Bahadur Nath, 65, a resident of this village, is landless. He is reeling under economic crisis. There is no vegetable or any other provision to eat at home. When the Gaon Connection team met him at the time of sunset, he was grinding chutney made of small tomatoes on the slab of stone outside his makeshift thatch of straw and polythene. He said: “With this chutney, I would eat some bread and fill my belly. I do not have money to buy oil or vegetables. I can do without all that but without bread how would one fill the stomach.”
He went in to fetch a bucket. Showing the flour in that bucket his eyes welled up. In a pained voice, he said: “Sir, look at it, only two kgs of flour is left in there. The family has eleven members so I worry how long would this much flour last us and how would we manage after that.”

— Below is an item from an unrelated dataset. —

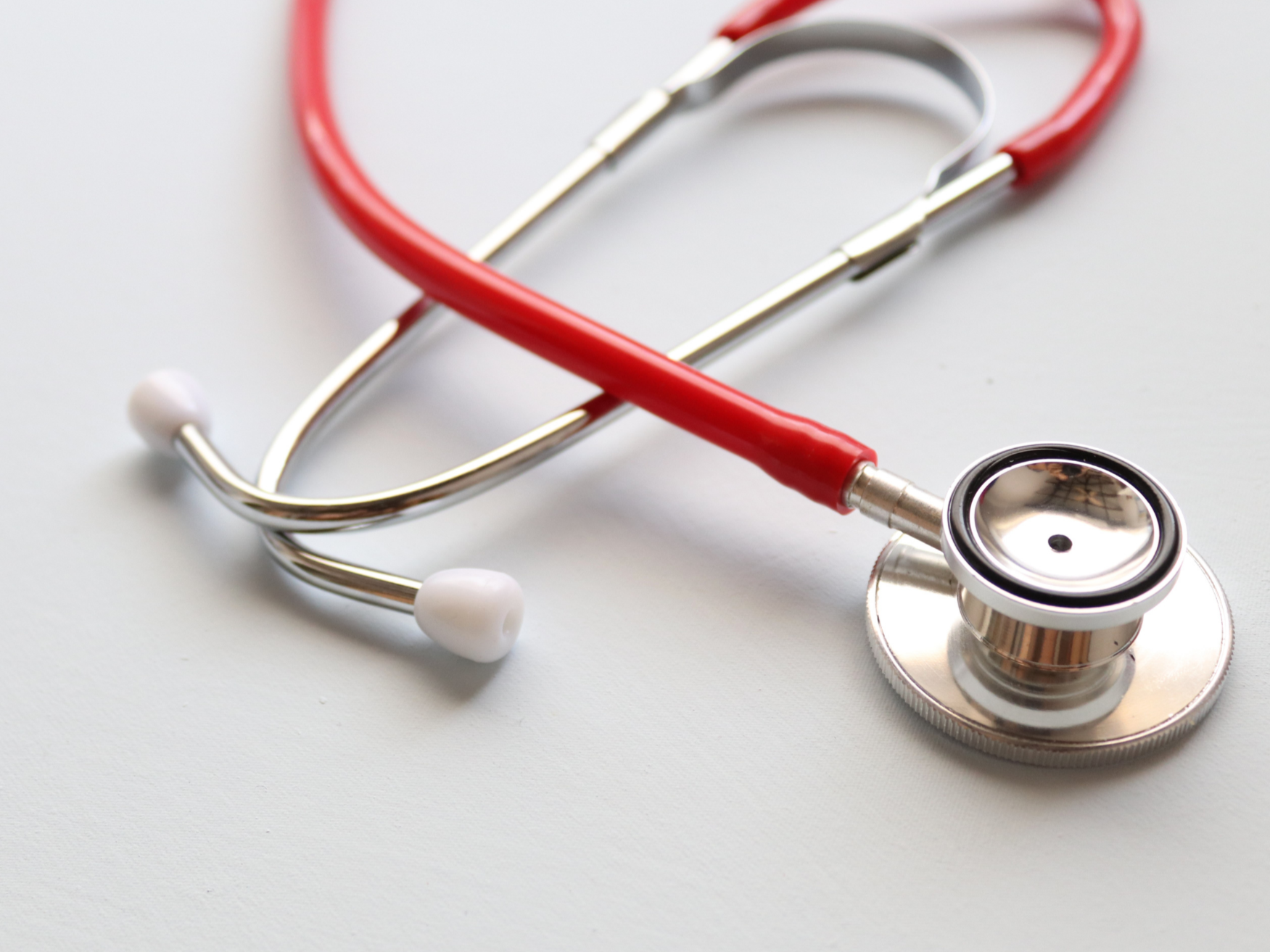 Red and silver stethoscope on white background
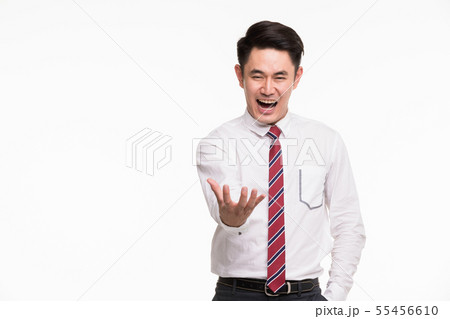 Asian businessman standing and point his hands.. Asian businessman standing and point his hands.. 55456610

In the same village, Ghanshyam, 55, works in a band party of Naths. Ghanshyam, sitting outside his mud house, said: “My wife, Gulabrani, had received Rs 500 in her of Jan Dhan account. With the same money, we had bought some essential food items. It is difficult to run a household of seven people. The Nath Band party used to find some work during the wedding season. Now, it too is closed. We are passing through great difficulties in trying to feed ourselves.”

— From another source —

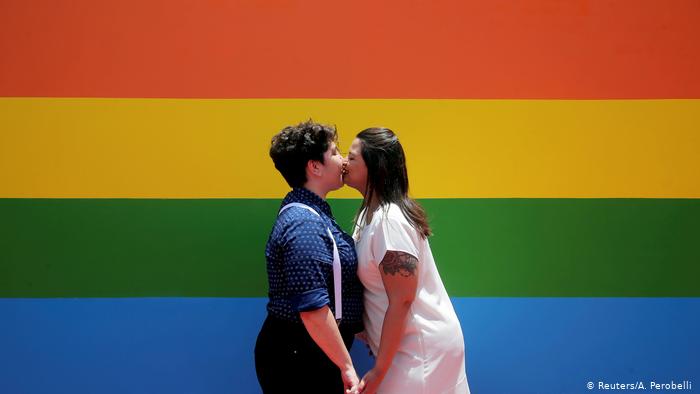 Foto de pareja homosexual frente a la bandera LGBTI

There are about 15 to 20 elderly women and men in the village who do not get any relief in their old age. One such senior citize, Hiranath, 62, said: “Five- six months ago, forms were filled for pension. I have gone to the pradhan several times inquiring after it. He keeps on citing administrative delays. Had I been receiving old age pension; I would have fared better during this difficult time.”
The economic conditions of the Sapera community has forced its members to go out to work for wages. Some of them have come back while some have settled there. The son and daughter-in-law of Rajabai Nath are stranded in the town, Rajabai, 65, who does not own any land, pointed to the box with snake amd said: “With this, the Dukara (husband) begs in the village. It has been a month since he had stepped out. How would the house run for there is not a single penny upon us now?”